Though he lived for some years afterwards, Mr. Wells must have sensed that his council job was done, for at the 1946 election Labour obtained an absolute majority for the first time in the council’s history and have won more than they have lost ever since, despite one period of Conservative supremacy.
As a result of that election the 12-seat council comprised: Bletchley Ward, three seats, R.E. Farwell (Lab), C.D. Flack (Lab), W.S. Johnson (Ind); Fenny Stratford Ward, six seats, F.A. Bates (Lab), E.E. Callaway (Ind), H.P. Dimmock (Lab), S. Maycock (Lab), H.J. Price (Lab), W.E. Stanton (Lab); Simpson Ward, two seats, W. D. Brinkler (Ind), W.G. Mells (Ind); Water Eaton, one seat; W.H. Gurney (Ind).
It had taken the local Labour movement getting on for 50 years to obtain that first council majority. One of the earliest active socialists in the town was Mr. Harry P. Dimmock, who is remembered with much respect by older member of all parties. He served on the council for over 30 years.
In 1953 he told me that about 50 years previously when he was a very young man, he was set on the road to Socialism by a Tory (a not infrequent happening in both directions). He was listening to a group of men talking politics when he heard the Tory say “I don’t mind a good Liberal, but these . . . Socialists ought to be shot”.
Who were these people who ought to be shot?
He found about a dozen people, mostly associated with the railway unions who “ought to be shot,” and when they formed themselves into a group he became their first secretary. Among them were Mr. Oliver Wells and also his brother, Mr. Allen Wells, who, if possible, was even more enthusiastic than Oliver.
Their problem was how to get themselves noticed. They tried many ruses, including writing letters on local topics to the papers and then replying to themselves under pseudonyms.
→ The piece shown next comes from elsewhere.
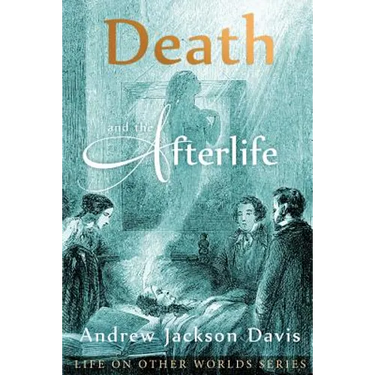 Death and the Afterlife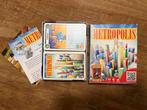 Metropolis Kaartspel, Ophalen, Zo goed als nieuw, Speelkaart(en)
In that era Fenny was busiest on Saturday nights up to the closing of the shops at 10 o’clock and they succeeded in persuading Mr. G Pacey, the Aylesbury Street ironmonger, to allow them to preach Socialism from a crate on his forecourt (the later Mr. Pacey that I knew had shotguns in his window!).
They had visiting speakers but they wondered whether they were getting anywhere until once again some Tories unconsciously helped them. There were the 100 or so members of the local Working Men’s Unionist Association. They set up their own rostrum not 20 yards away and the resulting hectic but not disorderly encounters put the Socialists right in the picture.
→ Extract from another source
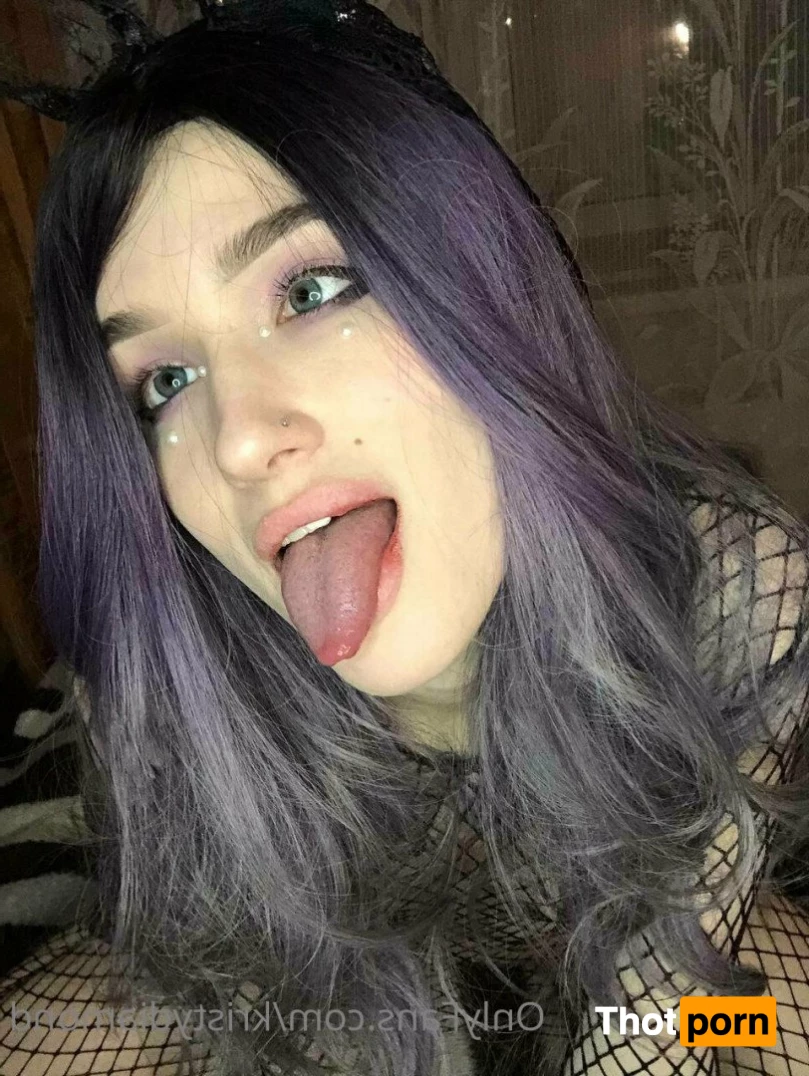 Kristy Diamond 💎 3214016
Anon they received support from high and unexpected quarters. Dr. Gore, the Bishop of Oxford, was a Socialist, and after visiting a local church he addressed a meeting called by the NUR at the Co-op Hall the same evening.
Nearby lived Mr. Denis Hird, the first principle(sic) of Ruskin College, Oxford, a well-known lecturer on ethics. He was a friend of Sir Herbert Leon, of Bletchley Park, who was a Liberal but was also interested in rationalism.
An ethical society was formed and for its meetings – “with ethics very broadly based” – Sir Herbert allowed the use of the cricket pavilion (how that pavilion does keep cropping up!).
About this time Oliver Wells and Arthur Phillips were candidates for the Fenny Ward, and in 1911 Allen Wells had the temerity to stand against Sir Herbert himself in the Bletchley Ward, though he polled only two votes.
In 1914, however, the Labour Party won their first seat on the council. There were no elections for the duration of the first world war but by 1919 millions were deserting the Liberal Party in favour of the Labour Party all over the country and the local Labour Party had two more members elected to the council that year. Nevertheless, it took 27 more years to obtain an elected majority.
“But now,” Mr. Dimmock told me sorrowfully, “we who ought to have been shot have arrived, alas, at respectability!”